| Summary: | slurmd: default spool dir used in _read_config() | ||
|---|---|---|---|
| Product: | Slurm | Reporter: | Jeff Frey <frey> |
| Component: | slurmd | Assignee: | Jacob Jenson <jacob> |
| Status: | RESOLVED INVALID | QA Contact: | |
| Severity: | 6 - No support contract | ||
| Priority: | --- | CC: | alex, bart, tim |
| Version: | 17.11.0 | ||
| Hardware: | Linux | ||
| OS: | Linux | ||
| See Also: | https://bugs.schedmd.com/show_bug.cgi?id=4487 | ||
| Site: | Yale | Slinky Site: | --- |
| Alineos Sites: | --- | Atos/Eviden Sites: | --- |
| Confidential Site: | --- | Coreweave sites: | --- |
| Cray Sites: | --- | DS9 clusters: | --- |
| Google sites: | --- | HPCnow Sites: | --- |
| HPE Sites: | --- | IBM Sites: | --- |
| NOAA SIte: | --- | NoveTech Sites: | --- |
| Nvidia HWinf-CS Sites: | --- | OCF Sites: | --- |
| Recursion Pharma Sites: | --- | SFW Sites: | --- |
| SNIC sites: | --- | Tzag Elita Sites: | --- |
| Linux Distro: | --- | Machine Name: | |
| CLE Version: | Version Fixed: | ||
| Target Release: | --- | DevPrio: | --- |
| Emory-Cloud Sites: | --- | ||
In (src/slurmd/slurmd/slurmd.c:832) the _update_logging() function is called from inside _read_config().

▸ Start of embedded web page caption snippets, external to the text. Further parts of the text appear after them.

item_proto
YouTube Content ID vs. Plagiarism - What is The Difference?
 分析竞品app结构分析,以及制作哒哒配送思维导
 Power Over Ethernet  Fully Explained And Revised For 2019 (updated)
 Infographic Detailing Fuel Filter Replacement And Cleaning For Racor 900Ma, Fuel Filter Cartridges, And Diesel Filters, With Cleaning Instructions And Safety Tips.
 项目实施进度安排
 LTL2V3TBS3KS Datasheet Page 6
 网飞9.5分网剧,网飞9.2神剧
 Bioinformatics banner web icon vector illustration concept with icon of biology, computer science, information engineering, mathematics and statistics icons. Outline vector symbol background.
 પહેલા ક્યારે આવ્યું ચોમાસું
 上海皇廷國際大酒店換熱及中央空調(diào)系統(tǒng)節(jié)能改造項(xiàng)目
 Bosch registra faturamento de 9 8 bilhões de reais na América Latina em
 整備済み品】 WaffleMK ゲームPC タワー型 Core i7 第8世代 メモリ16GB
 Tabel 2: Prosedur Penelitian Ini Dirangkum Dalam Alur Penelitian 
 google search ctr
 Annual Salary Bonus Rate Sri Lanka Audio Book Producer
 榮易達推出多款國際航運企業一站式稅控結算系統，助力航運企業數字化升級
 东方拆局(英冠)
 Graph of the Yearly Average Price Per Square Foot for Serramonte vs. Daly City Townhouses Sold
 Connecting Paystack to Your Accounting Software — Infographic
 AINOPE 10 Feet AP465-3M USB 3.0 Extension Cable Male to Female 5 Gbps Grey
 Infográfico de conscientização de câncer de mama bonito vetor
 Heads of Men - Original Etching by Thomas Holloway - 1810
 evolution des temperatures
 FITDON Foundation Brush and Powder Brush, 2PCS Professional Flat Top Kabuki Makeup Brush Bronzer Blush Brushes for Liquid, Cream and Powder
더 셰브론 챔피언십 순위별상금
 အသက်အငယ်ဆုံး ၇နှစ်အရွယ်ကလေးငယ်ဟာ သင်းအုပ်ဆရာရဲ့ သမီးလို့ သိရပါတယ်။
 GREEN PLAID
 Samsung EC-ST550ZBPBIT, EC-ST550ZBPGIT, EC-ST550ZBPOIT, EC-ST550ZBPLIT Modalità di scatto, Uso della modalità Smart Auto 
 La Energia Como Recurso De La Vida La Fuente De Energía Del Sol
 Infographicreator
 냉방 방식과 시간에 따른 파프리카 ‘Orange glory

In 17.02 releases, the _update_logging() function handled the file reopening itself (with required conf fields filled-in by _read_config() before _update_logging() was called) and then returned. In 17.11, the _update_logging() function IN ADDITION attempts to contact any step daemons in existence. If does this using the value of conf->spooldir. But _read_config() has not yet filled-in conf->spooldir when _update_logging() is called (it does so later at line 937). So _update_logging() always tries the default spool directory (e.g. /var/spool/slurmd) producing the following red-herring error message in the slurmd.log: debug: Log file re-opened error: Domain socket directory /var/spool/slurmd: No such file or directory debug2: hwloc_topology_init debug2: hwloc_topology_load debug: CPUs:8 Boards:1 Sockets:2 CoresPerSocket:4 ThreadsPerCore:1 debug4: CPU map[0]=>0 S:C:T 0:0:0 debug4: CPU map[1]=>1 S:C:T 0:1:0 : This does not appear to adversely impact startup of slurmd, it just produces an unnecessary error message. Solution: the _read_config() function should be rearranged so that all conf field pre-conditions for _update_logging() are satisfied before it is called.